▶ _Assigned task_: Your output should be the lines below from the one holding "KESKİN DEFTER PREMİER" through the one holding "Block Wall Repair in Medina, TX", transcribed exactly, with no pictures.

▶ _Records provided_:

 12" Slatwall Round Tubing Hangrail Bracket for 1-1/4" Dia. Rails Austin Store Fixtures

---

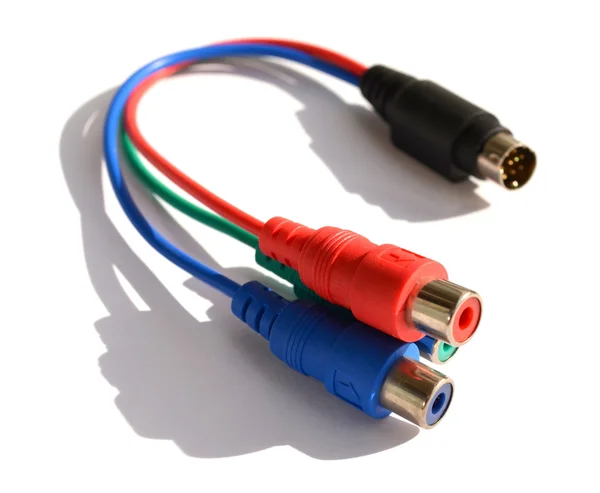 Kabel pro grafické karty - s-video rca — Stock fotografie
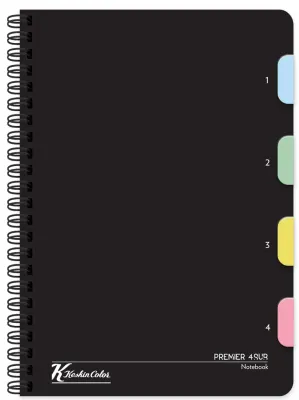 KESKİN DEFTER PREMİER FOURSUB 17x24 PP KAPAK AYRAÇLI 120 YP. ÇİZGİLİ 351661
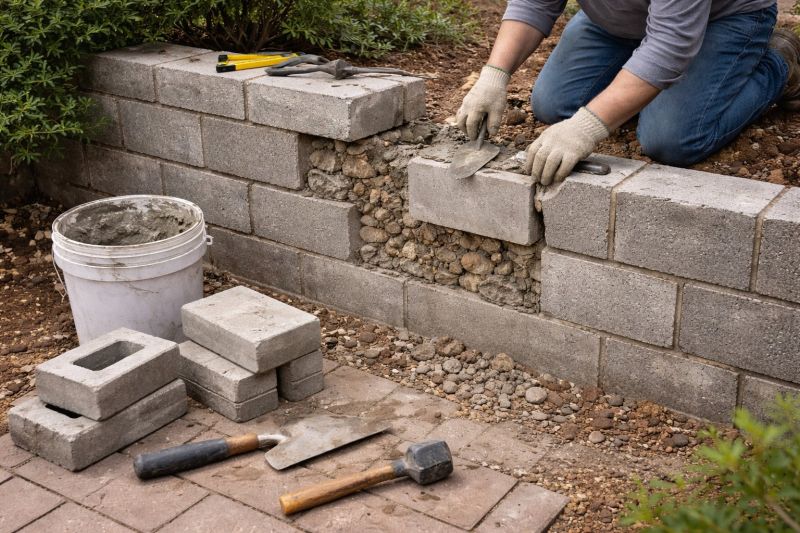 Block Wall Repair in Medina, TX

▶ _Answer to the exercise_:
 KESKİN DEFTER PREMİER FOURSUB 17x24 PP KAPAK AYRAÇLI 120 YP. ÇİZGİLİ 351661
 Block Wall Repair in Medina, TX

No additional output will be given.